Prior to beginning law school, she met William Louis Colfelt of Baltimore, Maryland. The couple were very well suited to each other and were married on May 20, 1984. Bill understood that she would be busy with law school and legal practice during his retirement, but kindly accepted that burden as part of their joint lives. He later agreed to move to Tyler, even though his roots were in Baltimore for many generations. She was very happy in this second marriage and was close with his three children (Jenny, Bill, and Dave). They were blessed to have each other, and she was very pleased to remain known as Frieda Jo Schlemeyer Colfelt.
The roles of women changed significantly during her lifetime, and she possessed the flexibility and intelligence to enjoy the traditional roles and to take advantage of new opportunities as she adjusted to the ever-changing circumstances of her life. She was happy as a small-town Texas cowgirl on her horse Nelli, a wife and mother in a foreign country or a large US city, a traveling government litigator, or an independent single woman. She was a very fine southern cook, a voracious reader, and a supporter of the arts, including Baltimore’s Lyric Opera, Center Stage, and Walter’s Art Gallery. The societal changes occurring during her lifetime allowed her to experience and enjoy all of these roles and opportunities.
Her roots can be found in many parts of Texas, including Galveston where her grandfather, Sylvanus George Felix, lost his first family during the hurricane of 1900. His mother, Sarah Carter Felix, is buried in the Hillsboro Historic Cemetery. Her great-grandfather Frederick Simon Schlemeyer is buried in Electra. In Odessa, the Ector County airport is named after her brother Roy Schlemeyer, who was a WWI pilot and the first pilot of Braniff Airlines in 1925, which became American Airlines in 1930. (Although American Airlines prefers to claim Charles Lindbergh as its first pilot, due to his service with the predecessor Robertson’s Air Service in 1926, her brother was in fact the first pilot of American Airlines.) Her greatest shame was that she was born in Oklahoma City, although she claimed to have been conceived in Texas.
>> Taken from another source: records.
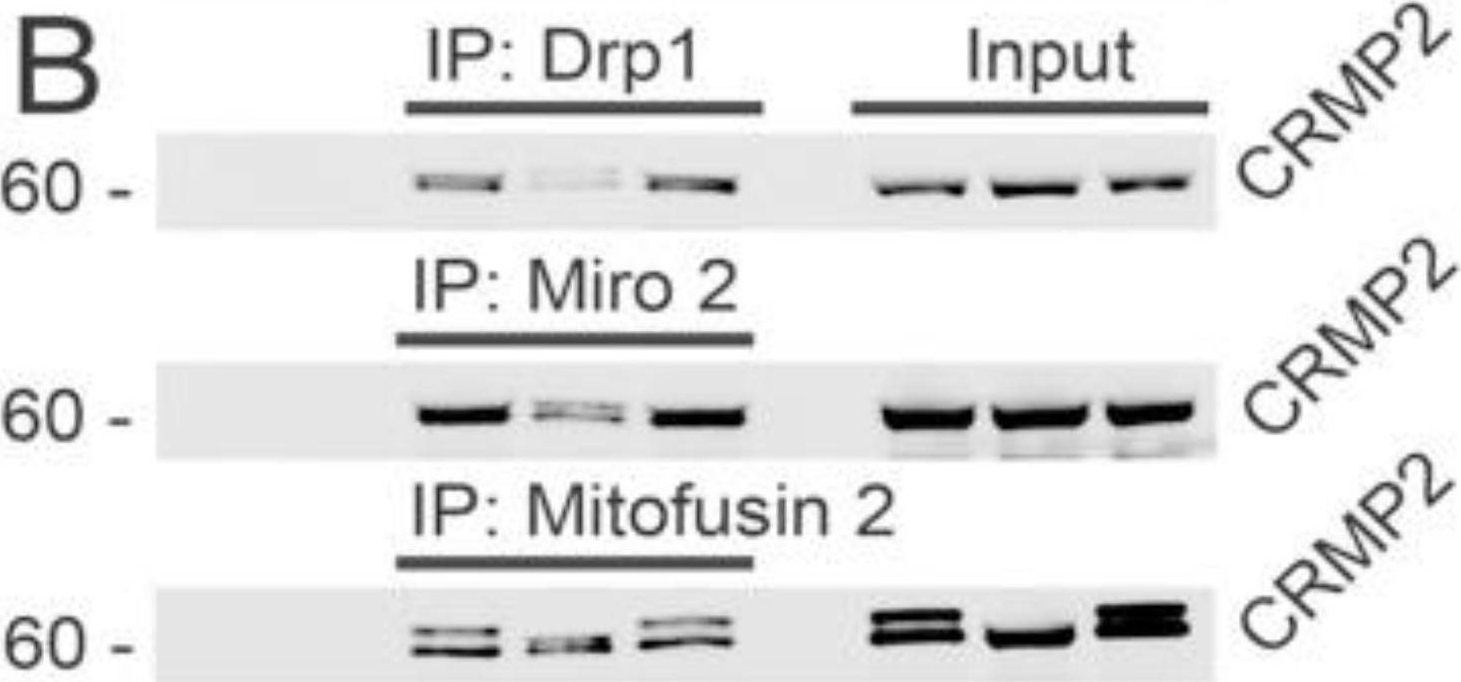 Fig.5.B showing Western Blotting in a Mus musculus (House mouse) sample from the publication: CRMP2 Participates in Regulating Mitochondrial Morphology and Motility in Alzheimer's Disease.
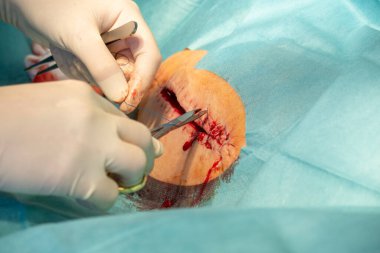Bir doktor iğne tutacağı ve cımbızla uzun bir ameliyat yarasına dikiş atar.
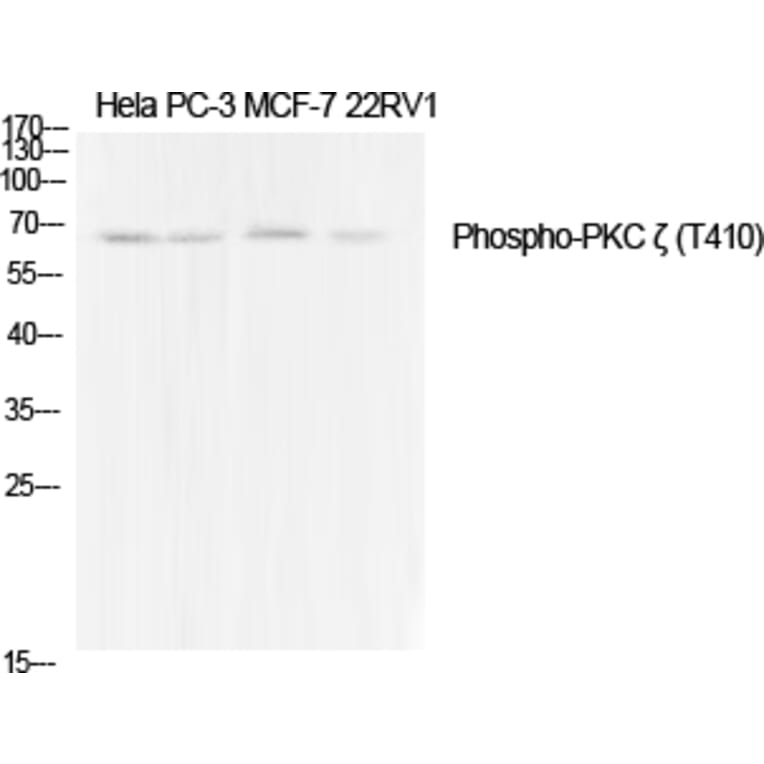 Western Blot - Anti-PKC zeta (phospho Thr410) Antibody (A0023) - Antibodies.com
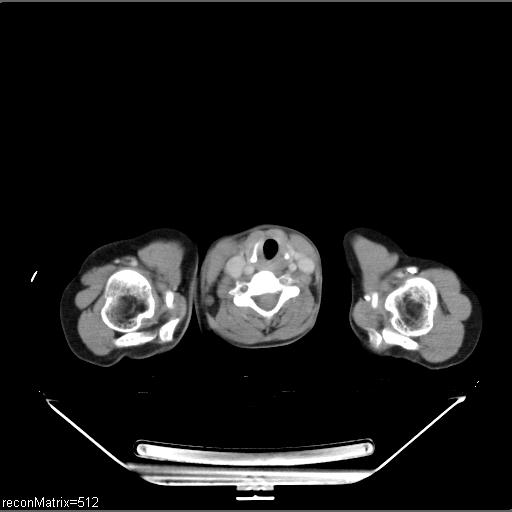 File:Carcinoma of esophagus (Radiopaedia 27356-27550 A 35).jpg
She is survived by five grandchildren (Harry, Mattie, Frieda, Katherine, and Sean), three children-in-law (Jim, Eileen, and Melanie), her step-children and step-grandchildren in the Colfelt family, and many cousins of the extended Schlemeyer, Poindexter, and Felix families.
She held a strong faith in God and was very pleased to be a parishioner of Christ Church, Episcopal (188 S Bois D’Arc, Tyler). A memorial will be held on Friday, February 21 at the church with services starting at 2 pm and a reception following in the church hall. Her family welcomes all who knew her to attend, pray for her, and celebrate her life.